What Leaders Know but are yet to Embrace
“The Excellence Dividend” is an interesting new book from well known author and leadership guru Tom Peters. In a recent interview with with Stanford University’s Graduate School of Business, Peters bullishly claims that nothing has changed in leadership in 50 years. A bold statement. On reading his points though I must say I agree with much of what he says.
Peters finds it “maddening that all too often a business strategy is inspiring, but the execution mania is largely AWOL”. He believes “managers fail to capitalize on immediate excellence – how we connect, listen, inspire, and admit mistakes on a human level to employees or customers”. He believes the most critical thing is to develop “an effective people-truly-first, innovate-or-die, excellence-or-bust corporate culture”. When consulting, it is inspiring to see those businesses with great corporate culture and how much more their people are engaged and achieving.

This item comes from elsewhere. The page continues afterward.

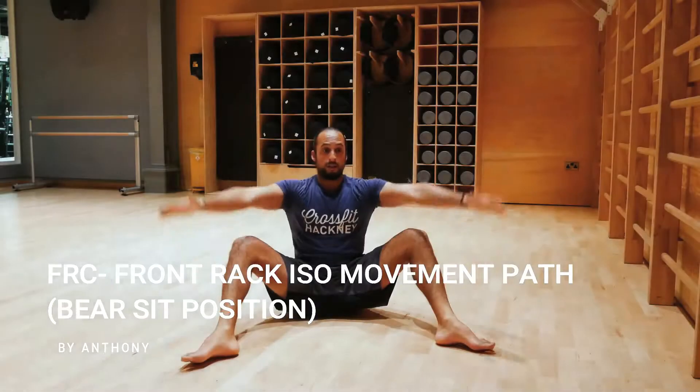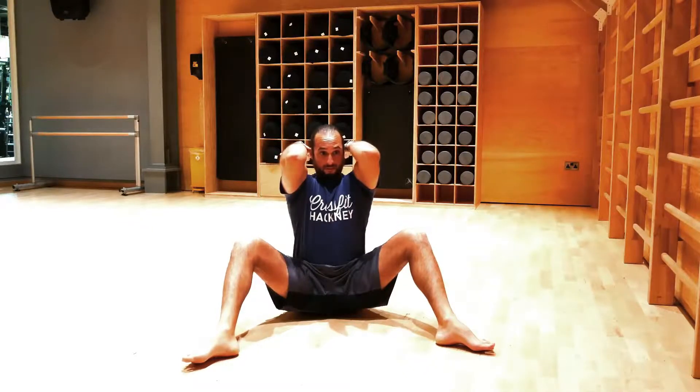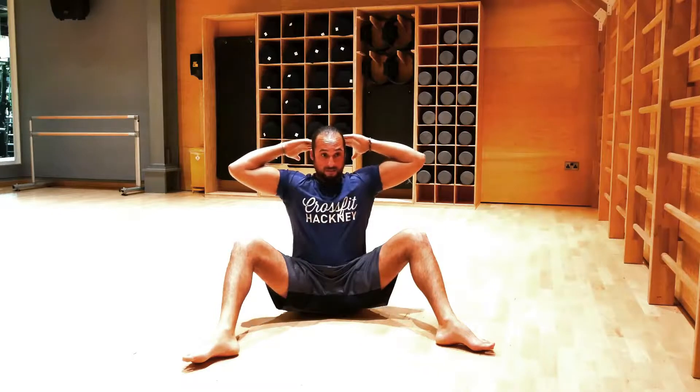FRC Front Rack Isometric Movement Path in the Beer Sit Position. Set up in the beer sit position. Start in the Y position with the elbows extended and the scapula retracted. Take a deep breath in and irradiate.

In the area of customers, he states “excellent customer experiences rely entirely on excellent employee experiences because it’s the employee who makes or breaks the customer connection”. This means leaders must see extreme value in them and pour into their career growth and development. “Training is any firm’s single most important capital investment“, adds Peters. Of course I couldn’t agree more with that statement.
If we value our people – staff and customers – listen to what they need and want, our people and our businesses will grow.